Calculating work with force and position vectors

[Fizic]

Homework Statement

What work is done by a force [itex]\vec{F}[/itex]=((2 N/m)x)[itex]\hat{i}[/itex] + (3 N)[itex]\hat{j}[/itex], with x in meters, that moves a particle from a position [itex]\vec{r}[/itex]₁=(2 m)[itex]\hat{i}[/itex] + (3 m)[itex]\hat{j}[/itex] to a position [itex]\vec{r}[/itex]₂=-(4 m)[itex]\hat{i}[/itex] - (3 m)[itex]\hat{j}[/itex]

Homework Equations

Work=F[itex]\bullet[/itex]d

The Attempt at a Solution

[itex]\int_{2}^{-4}[/itex](2x)dx + [itex]\int_{3}^{-3}[/itex](3)dx

##\left.x^2\right|_2^{-4} + \left.3x\right|_3^{-3}##

##(16-4)+(-9-9)=-6 J##

Thanks.

 

[anathema]

Thank you for your post. It seems like you are on the right track with your solution. However, there are a few errors in your attempt.

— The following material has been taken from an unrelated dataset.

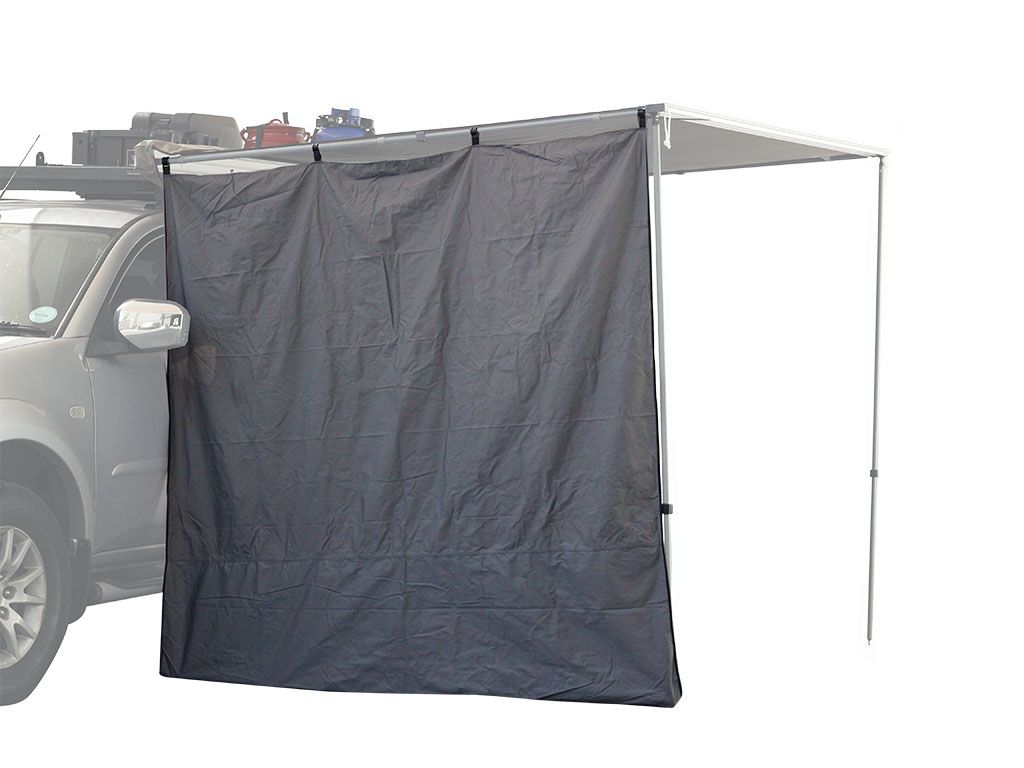 WIND/SUN BREAK FOR 1.4M/2M & 2.5M AWNING / SIDE - BY FRONT RUNNER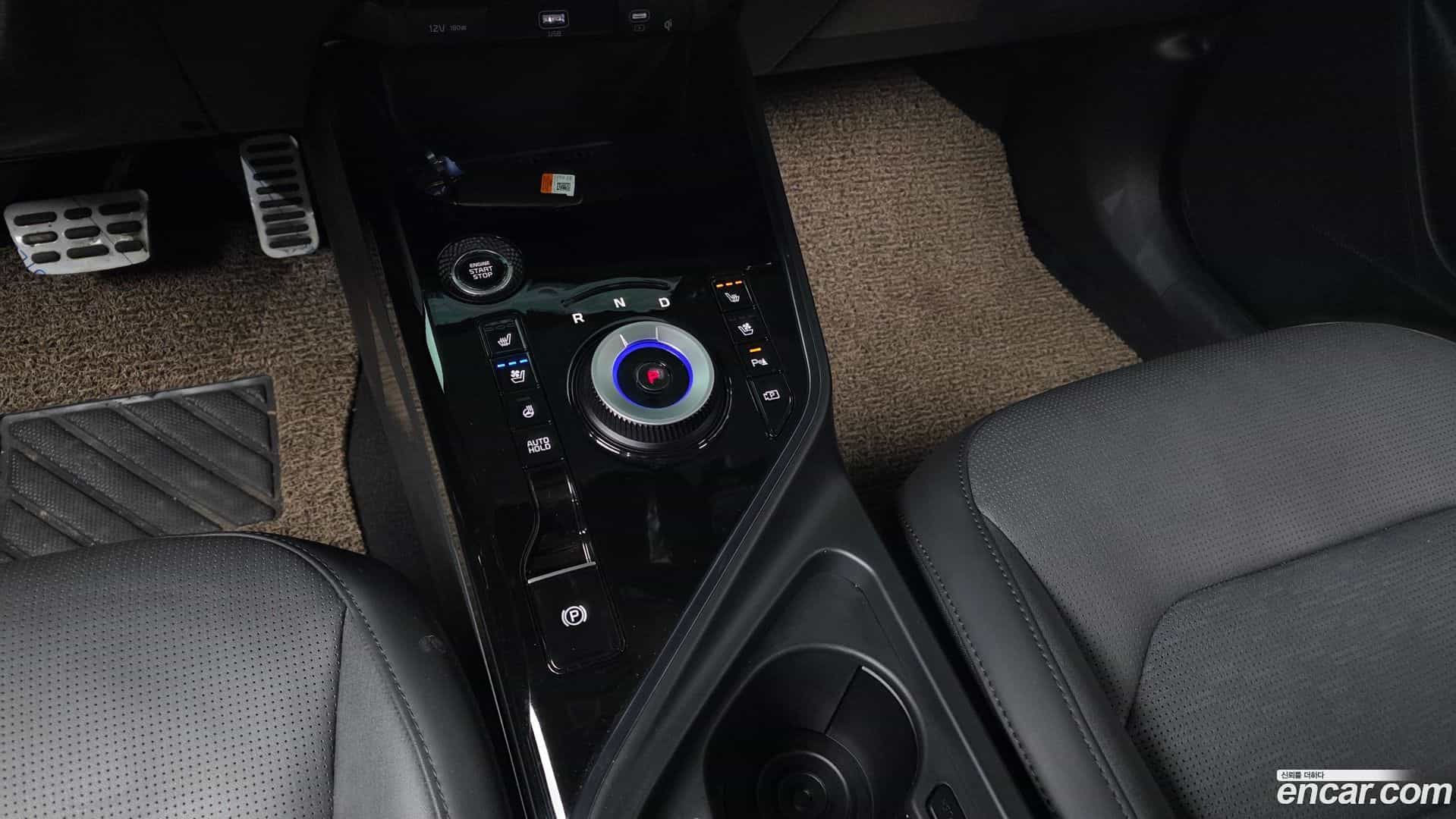 Niro Kia 2025.10-INNER-009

Firstly, when calculating the work done by a force, we use the dot product between the force and displacement vectors. So the correct equation is W = F · d.

Secondly, the displacement vector is given by the difference between the final and initial positions, so it should be d = r2 - r1 = (-4 m - 2 m) i + (-3 m - 3 m) j = (-6 m) i + (-6 m) j.

Finally, when calculating the dot product, we use the magnitude of the force and the magnitude of the displacement vector, so the correct equation is W = |F| |d| cosθ, where θ is the angle between the two vectors. In this case, since the force and displacement vectors are in the same direction, the angle between them is 0 and cosθ = 1.

Putting all of this together, we get W = (|F|)(|d|)(cosθ) = (|F|)(|-6 m|)(1) = (5 N)(6 m) = 30 J.

I hope this helps clarify the solution for you. Let me know if you have any further questions or concerns.